The pager explosions occurred after almost a year of incessant rocket and drone attacks on Israel by Hezbollah, which began a day after Hamas’s October 7 massacre and led to the evacuation of some 60,000 residents from northern Israel towns on the border with Lebanon.
Security sources have previously said the pagers carried the name of Taiwan-based Gold Apollo, though the company has asserted that it did not make them. Taiwan’s government has also said the pagers were not made in Taiwan.
Taipei prosecutors, who were investigating the case, said in a statement the AR-924 pager model that exploded in Lebanon was manufactured, traded, and shipped by a firm called Frontier Group Entity, and made outside of Taiwan. They added, however, that Gold Apollo had authorized the company to use the Apollo trademark.
“There is no evidence indicating that any domestic manufacturers or individuals were accomplices in the relevant explosions, violating the Counter-Terrorism Financing Act, or engaging in other illegal activities,” the prosecutors said in a statement.
“No concrete evidence of criminal activity has been discovered in this case, nor have any specific individuals been implicated in any criminal activity, following a comprehensive investigation.”
Prosecutors have previously confirmed that they questioned Gold Apollo’s president and founder Hsu Ching-kuang and a woman called Teresa Wu, the sole employee of a company called Apollo Systems Ltd.

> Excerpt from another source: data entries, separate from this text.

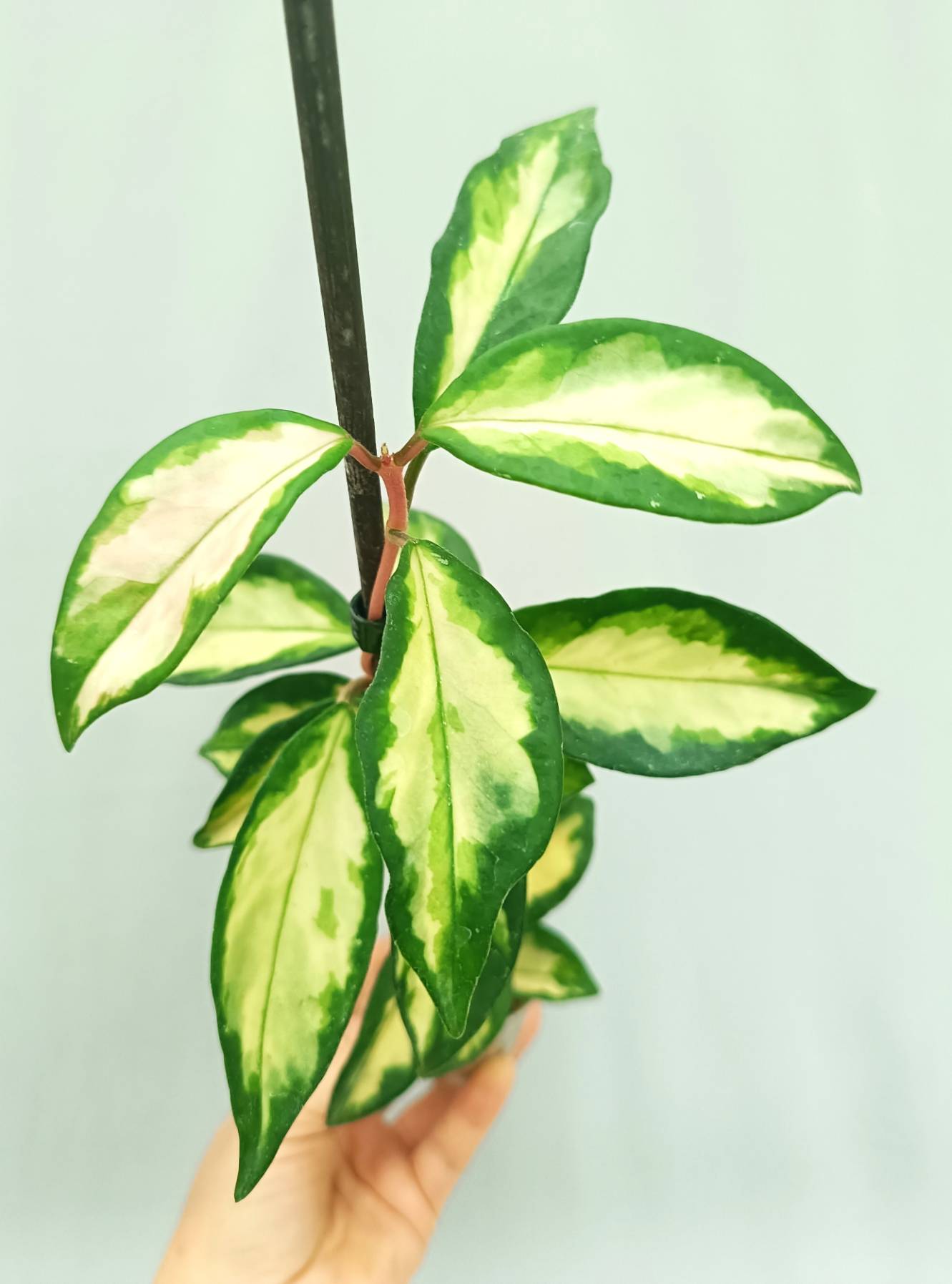 Hoya krimson princess variegata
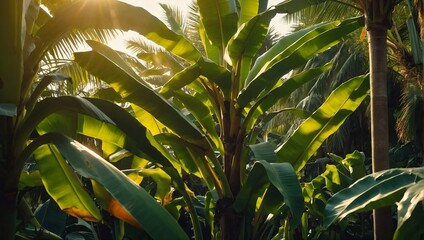 Banana tree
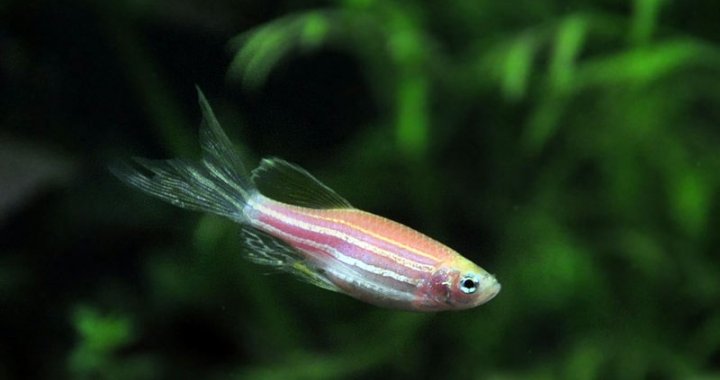 Danio czerwony - ryba akwariowa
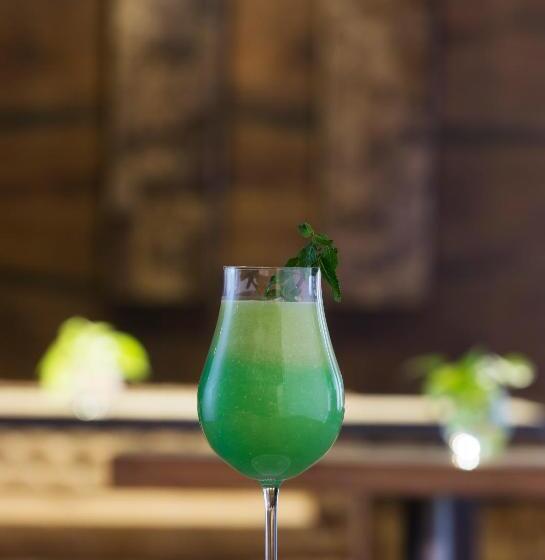 Regenta Central Hotel & Convention Centre Nagpur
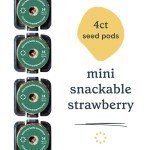 Mini Snackable Strawberry Hydroponic Garden Kit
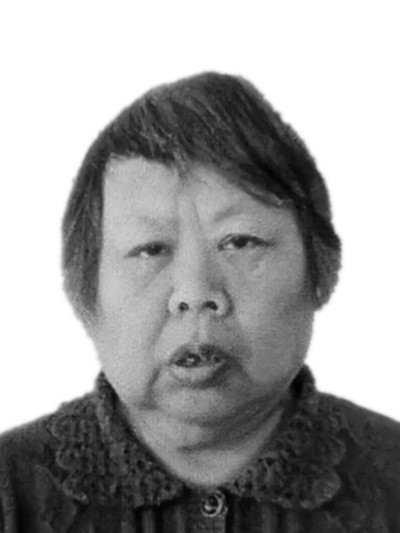 王传凤
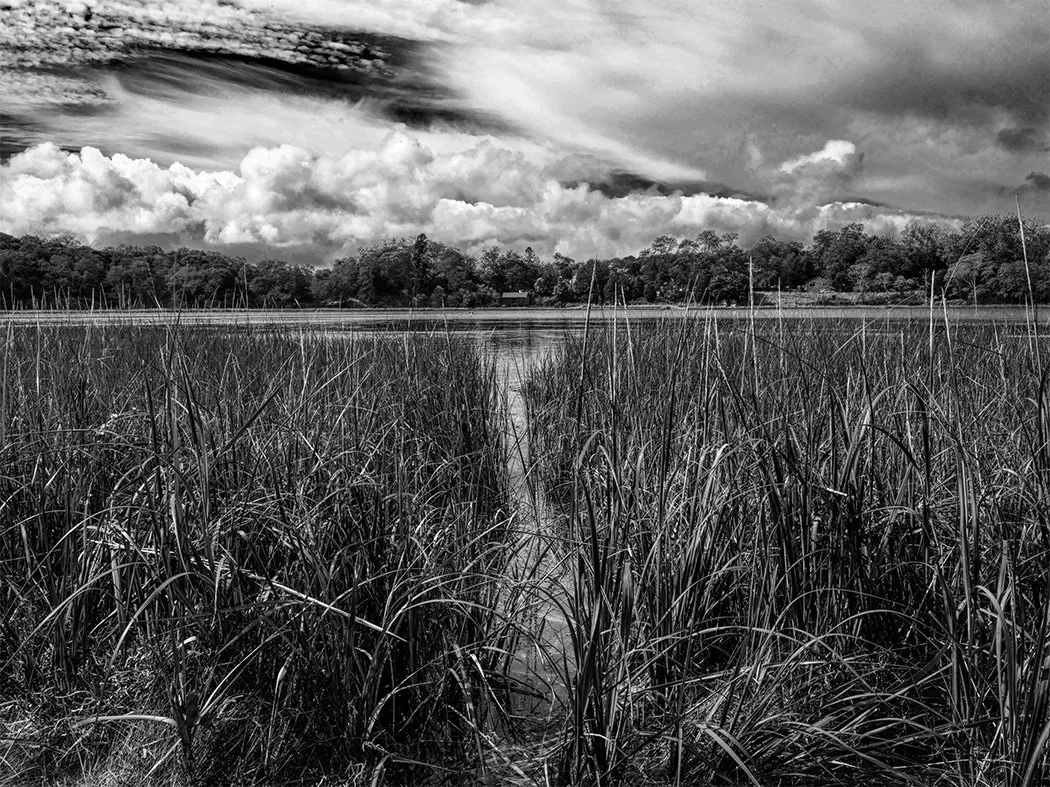 Observing Cape Cod - Part Two: The psychology of seeing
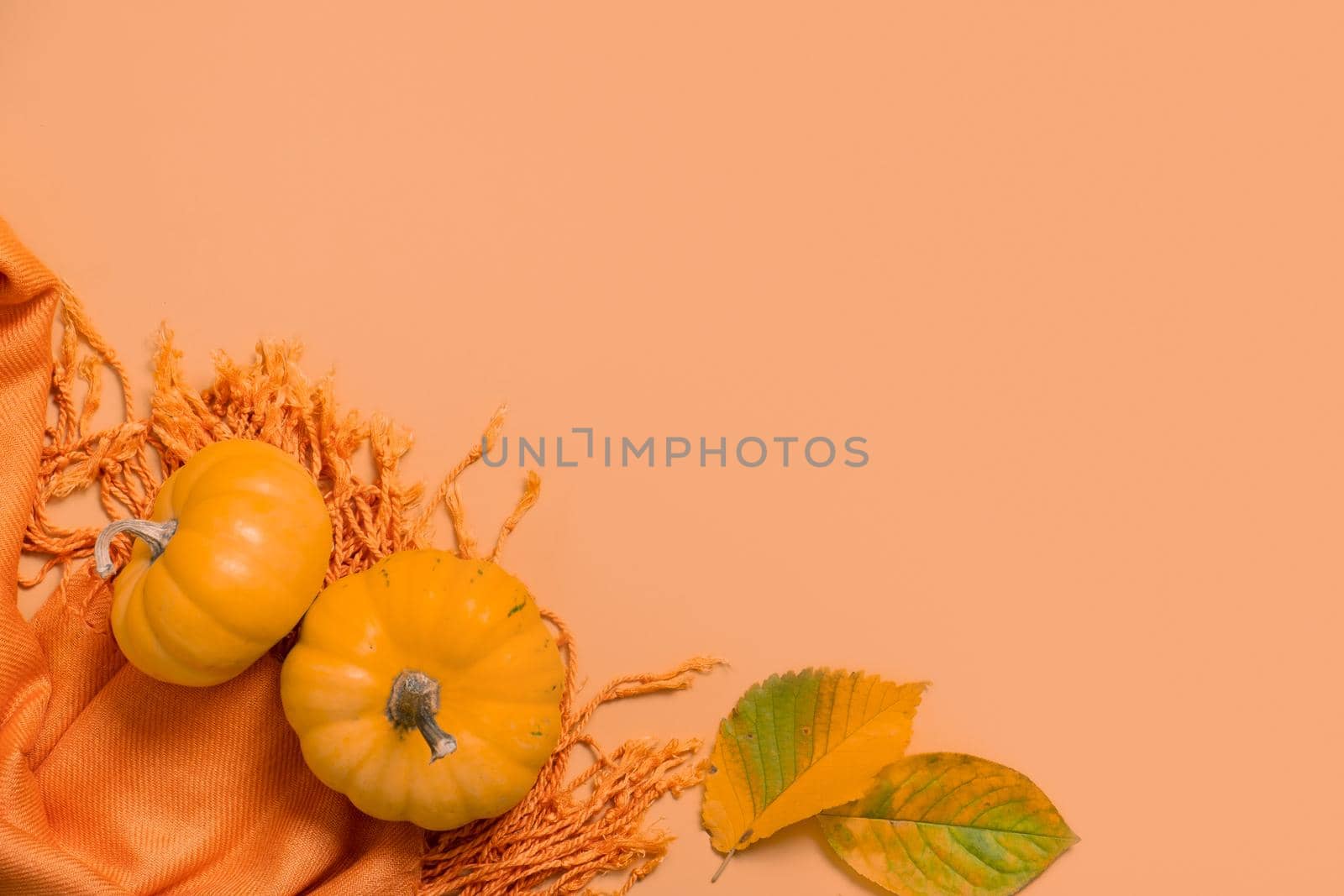 Autumn flat lay composition with two pumpkins fallen leaves on orange scarf top view. Autumn monochrome flat lay composition. Copy space.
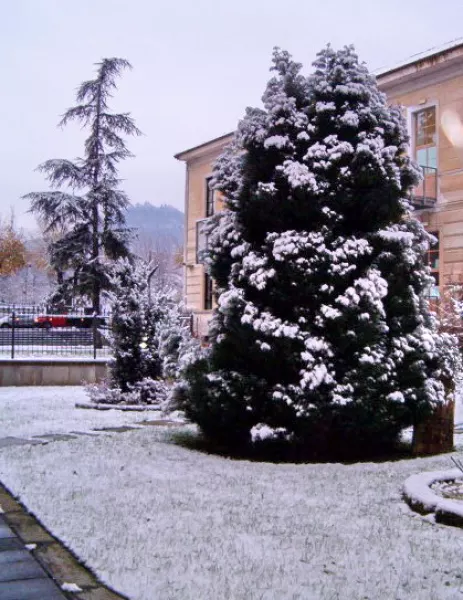 Prima neve dell'inverno 2008-2009 nel giardino del municipio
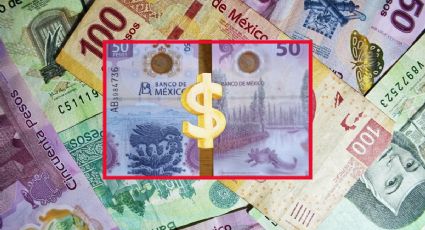 El ajolote del billete de 50 te regala hasta 3 millones de pesos; olvídate de los ahorros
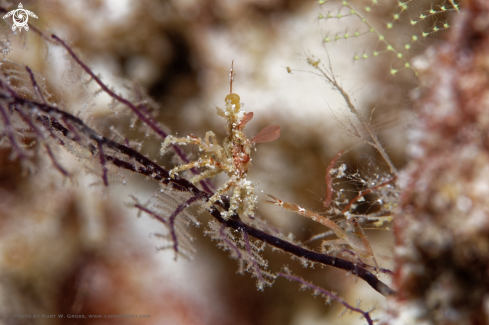 A Crab meeting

In their statement, the prosecutors said Wu acted as a liaison with Frontier, but there was no evidence she “had prior knowledge or participated in any conspiracy or collaboration related to the explosion incidents.”
The prosecutors said there was some information they did not know, including the exact identities of the Frontier employees Wu communicated with.
It said one person was called “T” and was presumably the head of Frontier, while another was called “M” and was presumably the sales director.
Gold Apollo told Reuters it had also just seen the prosecutors’ statement, and that it was not immediately able to comment further.
Gold Apollo previously denied producing the devices and instead pointed the finger at its Budapest-based partner BAC Consulting KFT, alleged in some reports to be a Mossad front company.
Lebanon said nearly 3,000 people were wounded in the attack. The toll did not differentiate between civilians and members of the terror group, and among the wounded was Tehran’s ambassador to Lebanon Mojtaba Amani.
A Hezbollah official told Reuters that the attacks put 1,500 of the group’s fighters out of commission due to their injuries, with many having been blinded or had their hands blown off.
In the aftermath, various media outlets reported that the attack was a highly sophisticated Israeli intelligence operation years in the making in which Hezbollah was fooled into purchasing the compromised devices.
The explosions were followed up by a series of Israeli airstrikes that took out much of Hezbollah’s command structure, including terror chief Hassan Nasrallah, and an ongoing limited ground operation in southern Lebanon to eliminate the immediate threats posed by the terror group to Israel’s northern border communities.